California Justices Leery|to Block Parole Reform Bid

     SAN FRANCISCO (CN) — Although district attorneys have criticized California Gov. Jerry Brown for dodging election laws in an overarching bid to reform prison sentencing through voter approval, the governor received a jolt of support Thursday at the California Supreme Court.
     During oral arguments, several justices questioned the California District Attorneys Association’s claims that Brown evaded public comment on his parole measure by hijacking and making last-minute changes to an existing juvenile-sentencing reform proposal.
     The sweeping proposal calls for a California constitutional amendment that would repeal determinate sentencing laws that Brown enacted during his first term as governor in 1977. It would authorize prisons to give out credits for good behavior and give judges rather than prosecutors the authority to decide whether juveniles should be tried as adults.
     The district attorneys sued to stop Brown’s Public Safety and Rehabilitation Act of 2016 from being cleared for signatures. A state judge halted the initiative in February, ruling that the late amendments didn’t allow enough time for public comment.

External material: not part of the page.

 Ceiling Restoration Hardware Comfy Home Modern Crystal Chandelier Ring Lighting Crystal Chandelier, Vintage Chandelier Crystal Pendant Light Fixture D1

     Sacramento County Superior Court Judge Shelleyanne Chang ruled that the amendments appeared to violate a 2014 California law aimed at stopping spot initiatives and that California Attorney General Kamala Harris shouldn’t have accepted the changes.
     The lawsuit claims Brown’s changes were a “gut-and-amend” of the juvenile proposal and that he should have to get in line and file a new initiative.
     Brown says the measure would drastically reduce the state’s bloated prison population by increasing parole chances for nonviolent inmates, and told reporters he would do “whatever it takes” to get it to voters this fall. He immediately appealed the decision and the high court stayed Chang’s decision — temporarily allowing the campaign to continue collecting signatures for the November ballot.
     Several justices on the seven-member panel appeared to disagree with Chang’s assertion that Brown’s amendments weren’t “reasonably germane” to the original filing, and stated that the changes seemed to fall within the “broad umbrella” of the original filing.
     “You differ with your opposing counsel that this is reasonably germane?” Justice Kathryn Werdegar asked the district attorneys’ counsel Thomas Hiltachk. “It deals with juveniles and it deals with prison sentences. I mean, the way we’ve interpreted the single subject rule that would certainly come under the umbrella.”
     While Hiltachk argued that the amendments were not reasonably germane and drastically altered the original filing, Justice Carol Corrigan countered that the law doesn’t prohibit or limit major alterations to amendments.
     “There’s nothing in the legislation that indicates a legislative intent to oppose that kind of limitation,” Corrigan said.
     Justice Goodwin Liu routinely picked apart Hiltachk’s arguments during the hour-long hearing. Liu asserted that the public will have plenty of opportunities to vet Brown’s proposal through the signature-gathering process and — if it makes it that far — the November ballot.
     “It’s hard to escape the conclusion that you are urging us to adopt a statutory interpretation of those words different from the constitutional interpretation of those words,” Liu said.
     A major component of the district attorneys’ lawsuit is that Brown’s late changes prevented the public from being able to comment and suggest changes to the initiative. They also argue that the state’s legislative analyst wasn’t given enough time to dissect the changes and didn’t release its report within the mandated 50-day period after the changes were made.
     Hiltachk said the delay harmed the public and that clearing Brown’s proposal could set a bad precedent for future initiative filings.
     Liu disagreed and pointed to language within Senate Bill 1253 that allows for a petition to be released without a report from the legislative analyst.
     “The harm to the public is statutorily provided for,” Liu interrupted Hiltachk.
     “But it should be used in a rare situation, not routinely,” Hiltachk responded.
     Justice Ming Chin was more skeptical of Brown’s controversial filing method, asking several times whether the changes did in fact gut the initial proposal. Chin cited Brown’s 2014 signing message on SB 1253 in which he said “it gives voters the chance to address the flaws if there are problems with the language.”
     “Where is the public review?” Chin asked. “It no longer exists because this amendment was plugged in [after the 30-day public comment period] passed.”
     Hiltachk concluded by reiterating that drastic changes to the initiative were hidden and that the purpose of the new law is to increase transparency in the initiative process.
     “If you allow a bait-and-switch like this, you’re creating an incentive for people to do just this,” Hiltachk said.
     The panel has 90 days to issue a decision on Brown’s appeal. In the meantime, the campaign can continue collecting signatures to qualify it for the November ballot.